Exactly as they appear below, repeat the lines from the one with "RH225-B Digital Concrete" through the one with "Biquini Anitta Glow Cobre/Off White", and no others.

[PROVIDED RECORDS]

--- START ---

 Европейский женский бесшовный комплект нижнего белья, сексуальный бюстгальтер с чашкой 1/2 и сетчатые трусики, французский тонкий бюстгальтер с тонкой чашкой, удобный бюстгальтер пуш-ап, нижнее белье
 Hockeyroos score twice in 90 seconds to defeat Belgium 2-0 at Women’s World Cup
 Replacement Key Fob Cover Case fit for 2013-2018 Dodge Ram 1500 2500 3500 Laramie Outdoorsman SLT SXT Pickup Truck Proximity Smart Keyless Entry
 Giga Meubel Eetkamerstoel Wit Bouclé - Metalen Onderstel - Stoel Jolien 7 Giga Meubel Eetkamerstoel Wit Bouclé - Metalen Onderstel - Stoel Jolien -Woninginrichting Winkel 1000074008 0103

--- END ---
--- START ---

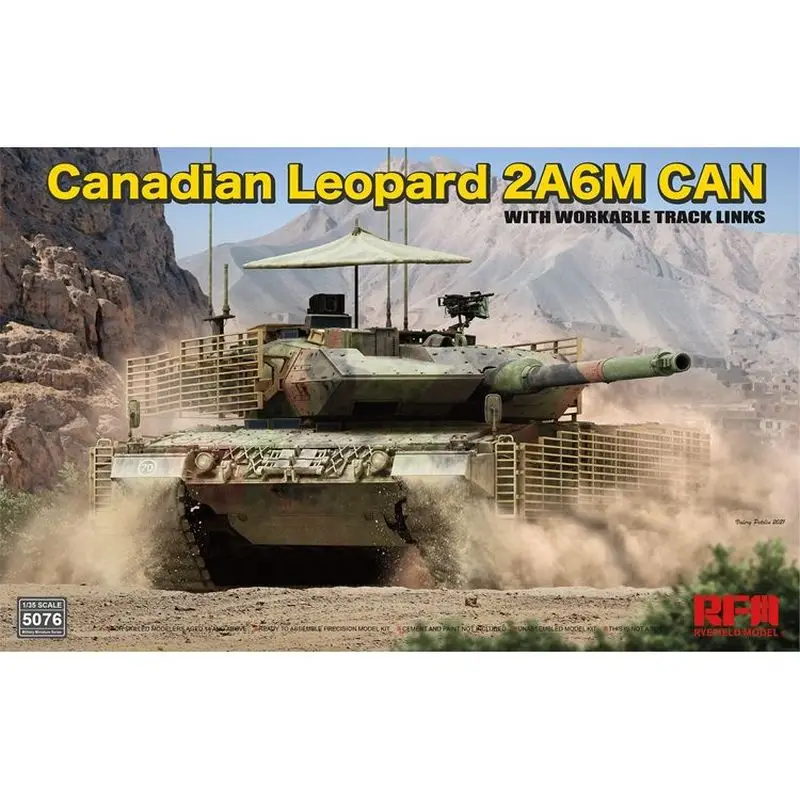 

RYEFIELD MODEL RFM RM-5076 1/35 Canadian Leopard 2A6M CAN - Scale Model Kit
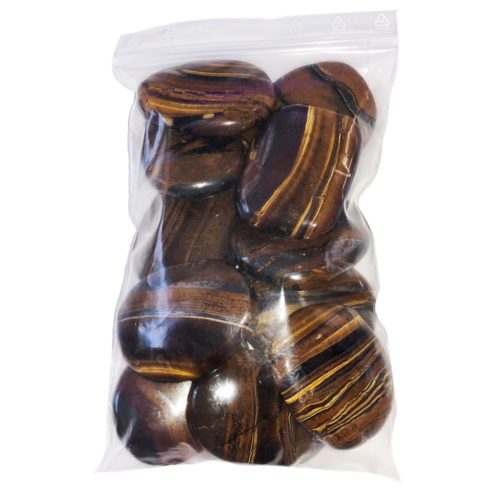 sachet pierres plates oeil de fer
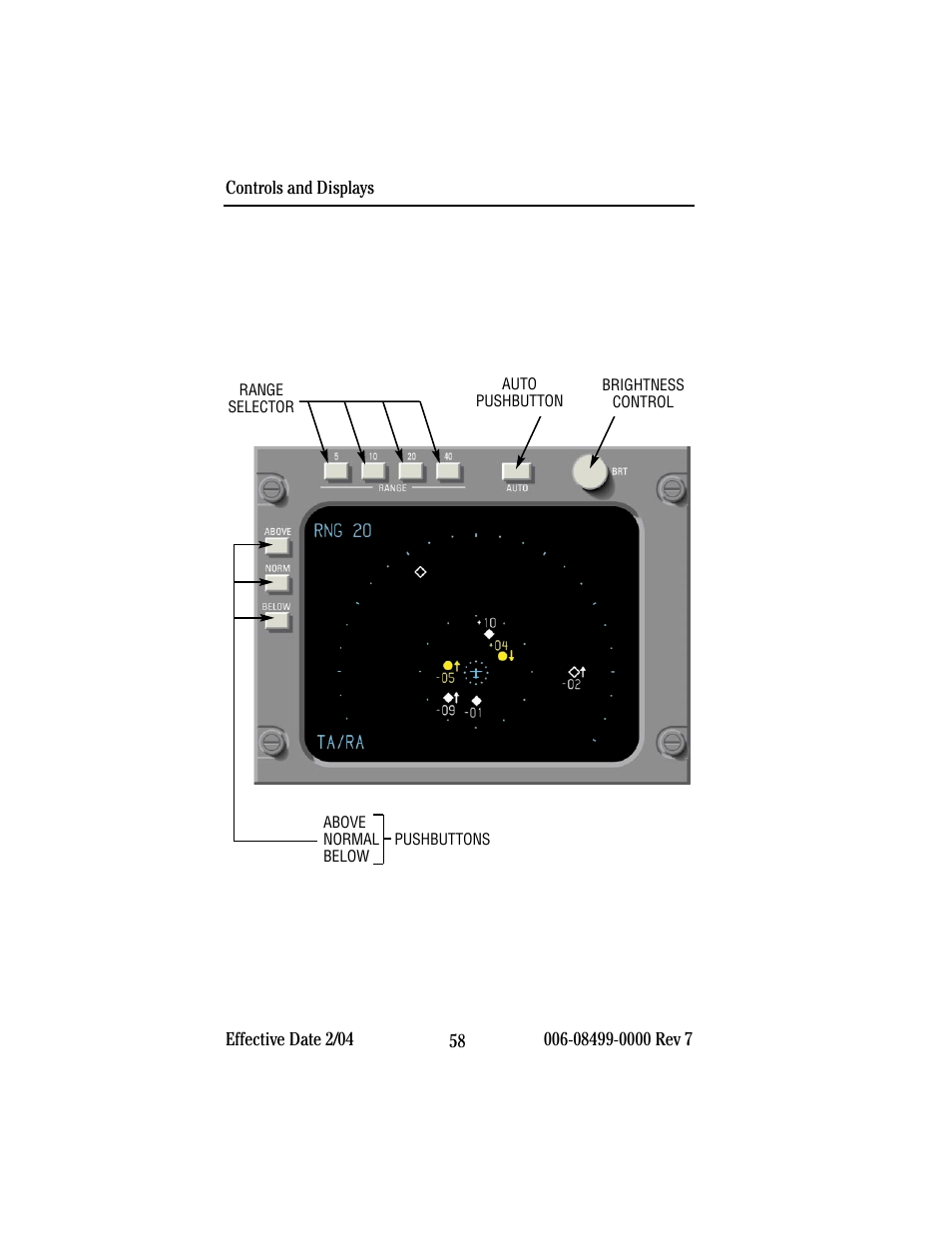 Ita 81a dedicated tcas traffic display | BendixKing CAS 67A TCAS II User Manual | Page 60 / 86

--- END ---
--- START ---

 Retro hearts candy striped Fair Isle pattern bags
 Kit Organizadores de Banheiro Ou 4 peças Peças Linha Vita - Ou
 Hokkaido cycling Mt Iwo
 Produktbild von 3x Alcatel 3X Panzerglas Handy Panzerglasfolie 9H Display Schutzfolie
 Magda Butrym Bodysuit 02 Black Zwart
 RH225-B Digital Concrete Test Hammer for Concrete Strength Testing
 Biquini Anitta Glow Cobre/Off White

--- END ---

[RESPONSE]
 RH225-B Digital Concrete Test Hammer for Concrete Strength Testing
 Biquini Anitta Glow Cobre/Off White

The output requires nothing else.